The task: Pictures found in the material must be left out, and every line returned as written.

Available data:
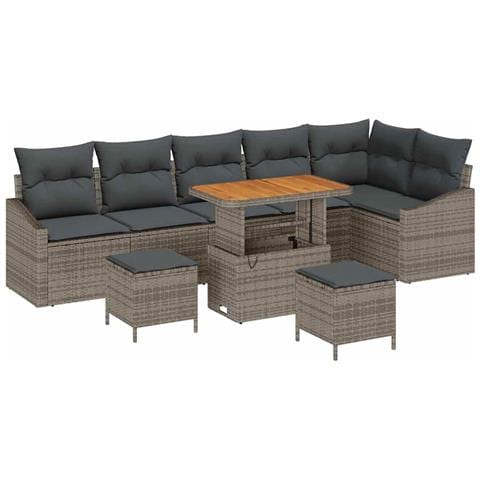 Set Divano da Giardino  9 Pezzi con Cuscini Grigio Polyrattan Acacia, Set Divano da Giardino  2 Posti con Cuscini Grigio Polyrattan, Set da Pranzo da Giardino  3 Pezzi con Cuscini Grigio Polyrattan Acacia - Foto 1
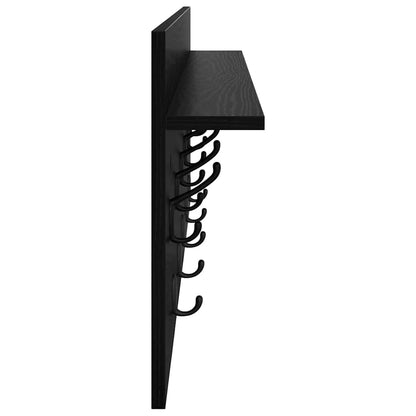 vidaXL Wall-Mounted Coat Rack Wall-Mounted Black Oak 100 x 40 x 12 cm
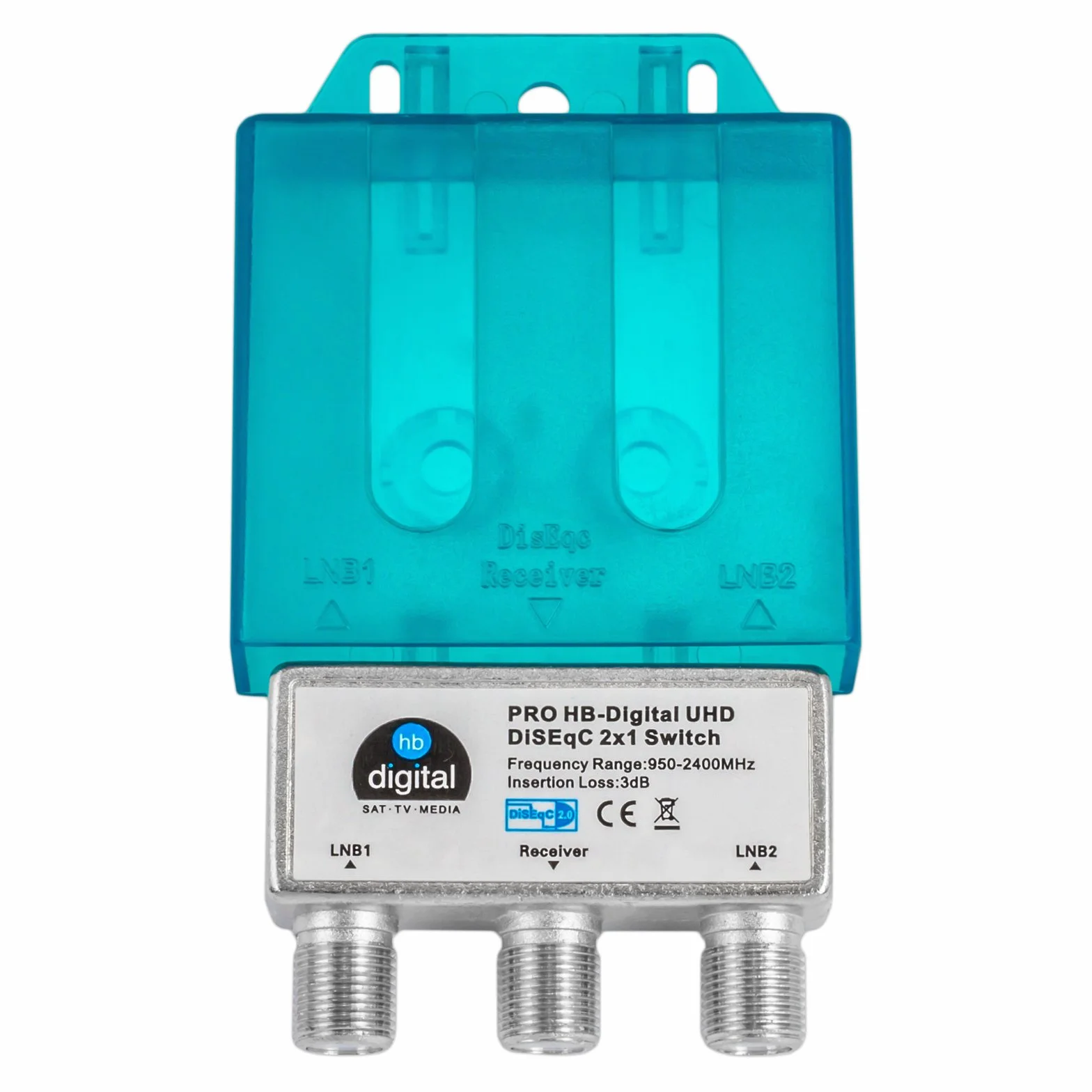 1 x PRO DiseqC przełącznik Switch 2/1 z obudową chroniącą przed warunkami atmosferycznymi HB-DIGITAL 2X SAT LNB 1 x odbiornik/odbiornik do Full HDTV 3D 4K UHD + 3 x pozłacane wtyczki F pozłacane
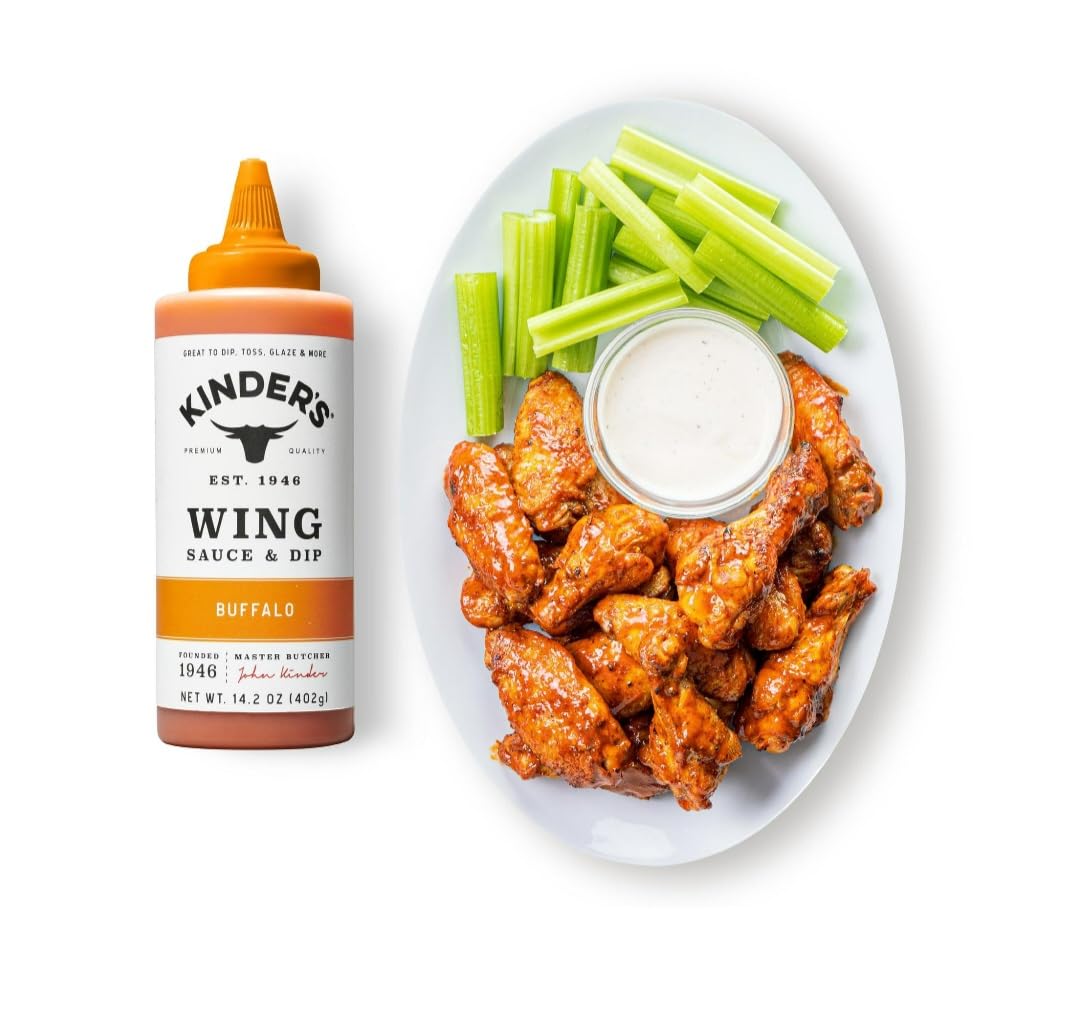 Kinders Buffalo Buttery Wing Sauce 14.2oz & Honey Hot BBQ Sauce 15.5oz Combo Pack - Premium Flavor for Chicken Wings, Ribs, and Grilling - Packaged by Bryant Desai Supplies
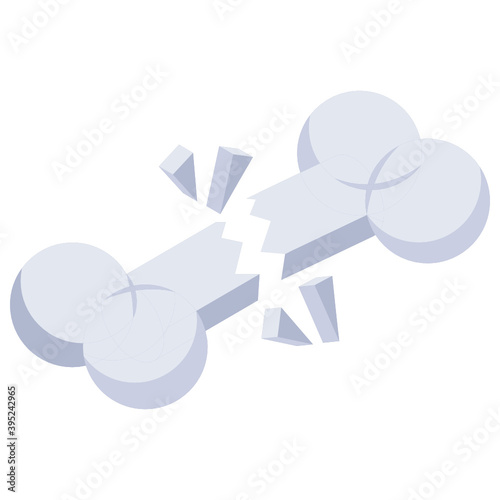
Bone fracture icon in isometric style, bone cracked
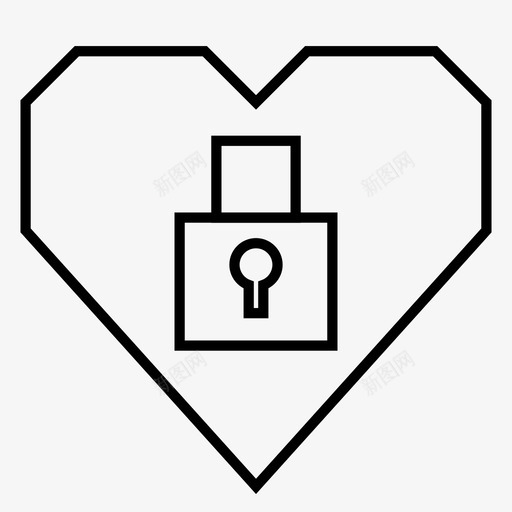 锁心爱安全图标svg_新图网 https://ixintu.com 安全 有一颗心 爱 解锁的心 锁心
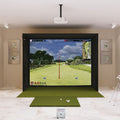 MEVO Gen2 SIG10 5x5 golf mat in a golf simulator package 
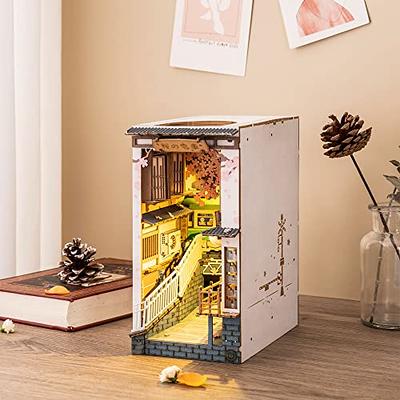 Robotime 3D Jigsaw Puzzle Wooden Model Building Kit Book Nook Decorative  Bookend Stand DIY Bookshelf Insert Decor Gift for Teen Adults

Exercise response:
 Set Divano da Giardino  9 Pezzi con Cuscini Grigio Polyrattan Acacia, Set Divano da Giardino  2 Posti con Cuscini Grigio Polyrattan, Set da Pranzo da Giardino  3 Pezzi con Cuscini Grigio Polyrattan Acacia - Foto 1
 vidaXL Wall-Mounted Coat Rack Wall-Mounted Black Oak 100 x 40 x 12 cm
 1 x PRO DiseqC przełącznik Switch 2/1 z obudową chroniącą przed warunkami atmosferycznymi HB-DIGITAL 2X SAT LNB 1 x odbiornik/odbiornik do Full HDTV 3D 4K UHD + 3 x pozłacane wtyczki F pozłacane
 Kinders Buffalo Buttery Wing Sauce 14.2oz & Honey Hot BBQ Sauce 15.5oz Combo Pack - Premium Flavor for Chicken Wings, Ribs, and Grilling - Packaged by Bryant Desai Supplies
Bone fracture icon in isometric style, bone cracked
 锁心爱安全图标svg_新图网 https://ixintu.com 安全 有一颗心 爱 解锁的心 锁心
 MEVO Gen2 SIG10 5x5 golf mat in a golf simulator package 
 Robotime 3D Jigsaw Puzzle Wooden Model Building Kit Book Nook Decorative  Bookend Stand DIY Bookshelf Insert Decor Gift for Teen Adults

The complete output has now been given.